We are facing an issue with the datahub related to a Canonical item being duplicated, both on the database and on the target impex result.
We have a Canonical item with a very simple unique key. This item is composed of a Raw item from a SAP idoc that has many different segment definitions. On the database we see a Canonical item type with same integration key, but different canonicalItemId. One Canonical item row has incomplete, empty attribute values, while the other row has all attribute values correct. The problem is that there is a dependency between Canonical items. When using the 'resolve' expression, the Canonical item with the incomplete attribute values is resolved, resulting in a dependent Canonical item with empty values.

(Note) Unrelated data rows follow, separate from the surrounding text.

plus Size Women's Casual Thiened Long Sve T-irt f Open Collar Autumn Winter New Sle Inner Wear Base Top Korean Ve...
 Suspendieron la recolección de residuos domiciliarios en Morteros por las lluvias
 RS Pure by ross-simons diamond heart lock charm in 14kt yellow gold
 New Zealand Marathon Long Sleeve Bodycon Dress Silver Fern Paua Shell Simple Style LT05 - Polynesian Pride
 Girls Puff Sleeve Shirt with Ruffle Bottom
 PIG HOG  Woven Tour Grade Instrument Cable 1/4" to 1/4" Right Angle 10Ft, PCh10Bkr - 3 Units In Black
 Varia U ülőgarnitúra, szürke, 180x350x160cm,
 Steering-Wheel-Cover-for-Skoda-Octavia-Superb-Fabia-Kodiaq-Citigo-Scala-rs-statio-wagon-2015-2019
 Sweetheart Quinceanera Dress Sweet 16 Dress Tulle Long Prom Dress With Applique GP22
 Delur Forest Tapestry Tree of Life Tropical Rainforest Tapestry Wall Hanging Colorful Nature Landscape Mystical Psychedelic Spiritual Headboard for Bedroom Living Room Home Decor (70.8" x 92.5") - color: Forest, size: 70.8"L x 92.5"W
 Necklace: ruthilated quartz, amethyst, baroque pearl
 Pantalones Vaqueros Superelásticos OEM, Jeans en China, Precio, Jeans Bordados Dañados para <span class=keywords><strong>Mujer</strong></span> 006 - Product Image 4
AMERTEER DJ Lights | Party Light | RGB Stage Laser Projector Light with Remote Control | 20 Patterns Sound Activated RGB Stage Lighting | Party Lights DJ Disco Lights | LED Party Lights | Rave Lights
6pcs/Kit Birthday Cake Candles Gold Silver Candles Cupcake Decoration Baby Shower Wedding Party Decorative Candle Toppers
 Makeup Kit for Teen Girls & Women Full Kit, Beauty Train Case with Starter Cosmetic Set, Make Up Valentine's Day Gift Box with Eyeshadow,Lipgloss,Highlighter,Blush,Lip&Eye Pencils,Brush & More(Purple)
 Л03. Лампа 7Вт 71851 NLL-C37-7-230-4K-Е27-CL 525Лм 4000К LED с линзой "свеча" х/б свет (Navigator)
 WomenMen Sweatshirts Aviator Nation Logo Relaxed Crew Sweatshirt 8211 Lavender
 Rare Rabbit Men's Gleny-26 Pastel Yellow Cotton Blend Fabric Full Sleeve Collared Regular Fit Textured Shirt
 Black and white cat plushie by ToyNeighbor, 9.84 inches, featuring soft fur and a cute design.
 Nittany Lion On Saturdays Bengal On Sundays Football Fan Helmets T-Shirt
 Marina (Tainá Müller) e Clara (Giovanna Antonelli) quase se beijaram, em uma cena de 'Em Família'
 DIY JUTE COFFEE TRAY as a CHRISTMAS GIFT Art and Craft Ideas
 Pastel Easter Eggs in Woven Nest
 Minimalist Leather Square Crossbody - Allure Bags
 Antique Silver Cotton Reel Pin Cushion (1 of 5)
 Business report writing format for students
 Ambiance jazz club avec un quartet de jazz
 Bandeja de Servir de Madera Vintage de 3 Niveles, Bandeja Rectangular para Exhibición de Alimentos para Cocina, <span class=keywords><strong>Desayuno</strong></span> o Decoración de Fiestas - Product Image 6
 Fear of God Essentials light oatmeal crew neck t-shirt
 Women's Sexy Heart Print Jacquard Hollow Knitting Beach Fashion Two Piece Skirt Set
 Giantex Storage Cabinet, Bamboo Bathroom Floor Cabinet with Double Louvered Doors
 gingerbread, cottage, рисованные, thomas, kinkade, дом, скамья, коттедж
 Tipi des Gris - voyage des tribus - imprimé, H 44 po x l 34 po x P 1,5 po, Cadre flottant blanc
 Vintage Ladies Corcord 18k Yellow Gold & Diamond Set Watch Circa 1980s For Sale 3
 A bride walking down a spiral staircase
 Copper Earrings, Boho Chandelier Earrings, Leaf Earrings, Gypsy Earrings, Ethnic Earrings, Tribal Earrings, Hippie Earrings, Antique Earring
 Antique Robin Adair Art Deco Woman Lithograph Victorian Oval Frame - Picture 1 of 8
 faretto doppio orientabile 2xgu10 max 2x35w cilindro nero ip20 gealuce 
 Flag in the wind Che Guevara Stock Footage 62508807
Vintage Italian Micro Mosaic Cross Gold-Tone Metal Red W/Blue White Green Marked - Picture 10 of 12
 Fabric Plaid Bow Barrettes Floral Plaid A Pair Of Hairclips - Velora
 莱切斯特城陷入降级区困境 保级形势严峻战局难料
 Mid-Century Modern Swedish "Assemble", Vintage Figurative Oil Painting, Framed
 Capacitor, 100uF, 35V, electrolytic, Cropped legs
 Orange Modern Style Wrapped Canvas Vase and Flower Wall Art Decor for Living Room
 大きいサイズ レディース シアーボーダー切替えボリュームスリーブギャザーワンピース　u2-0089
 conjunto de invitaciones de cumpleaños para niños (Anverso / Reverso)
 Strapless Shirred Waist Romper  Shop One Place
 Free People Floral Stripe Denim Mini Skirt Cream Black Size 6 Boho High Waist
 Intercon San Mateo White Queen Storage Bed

What we have discovered is when the number of Raw items on the database is greather than the datahub.composition.batch.size property value, the duplication of the Canonical item happens. It seems that on every iteration of a composition batch, the Canonical item cache get lost and an already existed Canonical item key is not found, so a new Canonical item is created with the same key.
We found when the datahub.composition.batch.size property value is reduced, we get more Canonical items duplicated, and when the value of the batch.size property is greather than the total raw items, the duplication does not happen, neither on the database nor on the impex file.
We are using Data Hub 22.214.171.124 with customized datahub extension, including the sapidocintegration and sapcoreconfiguration.